-------- DATA EXTRACTS

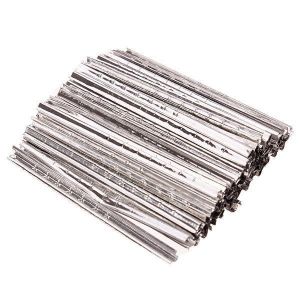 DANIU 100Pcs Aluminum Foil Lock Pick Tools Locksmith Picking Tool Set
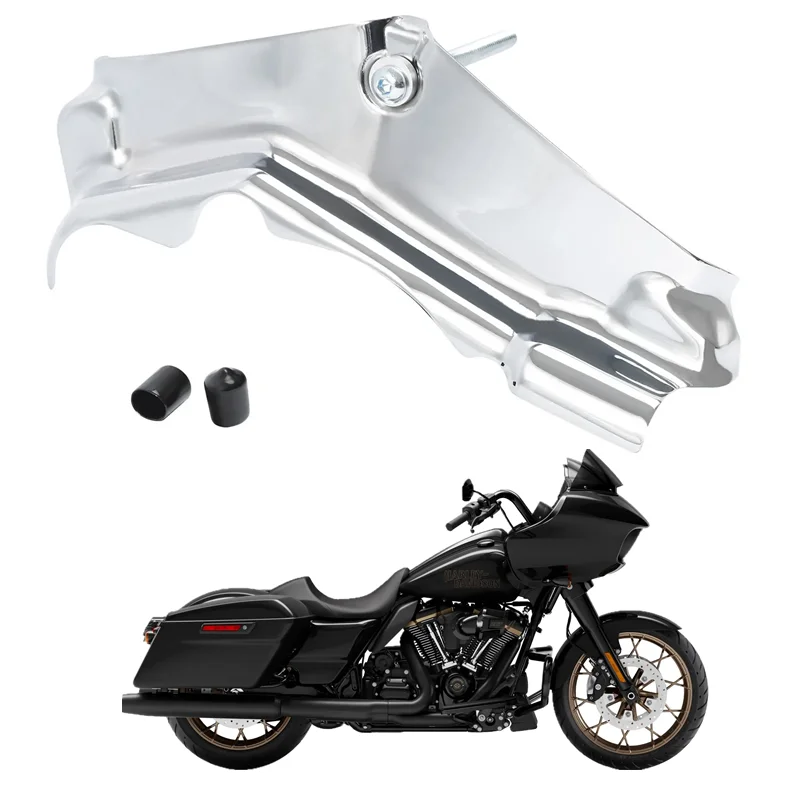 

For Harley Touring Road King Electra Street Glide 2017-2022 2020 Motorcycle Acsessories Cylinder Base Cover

----------------
-------- DATA EXTRACTS

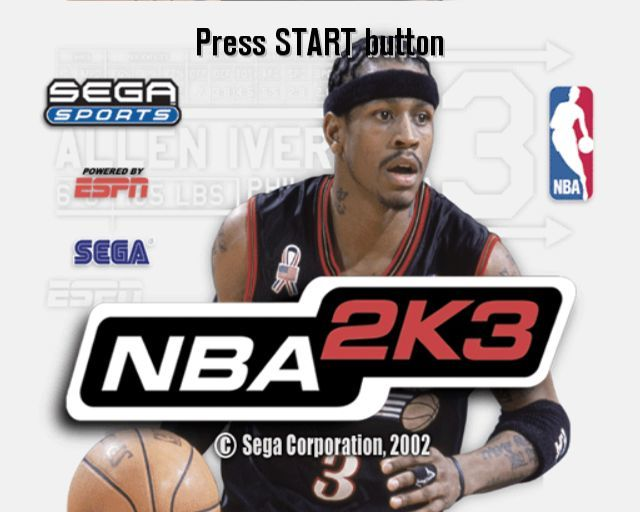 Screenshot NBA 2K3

----------------

Every line above between the one containing "DANIU 100Pcs Aluminum" and the one containing "For Harley Touring", those two included, is to be printed exactly. No pictures go into the copy.

 DANIU 100Pcs Aluminum Foil Lock Pick Tools Locksmith Picking Tool Set

For Harley Touring Road King Electra Street Glide 2017-2022 2020 Motorcycle Acsessories Cylinder Base Cover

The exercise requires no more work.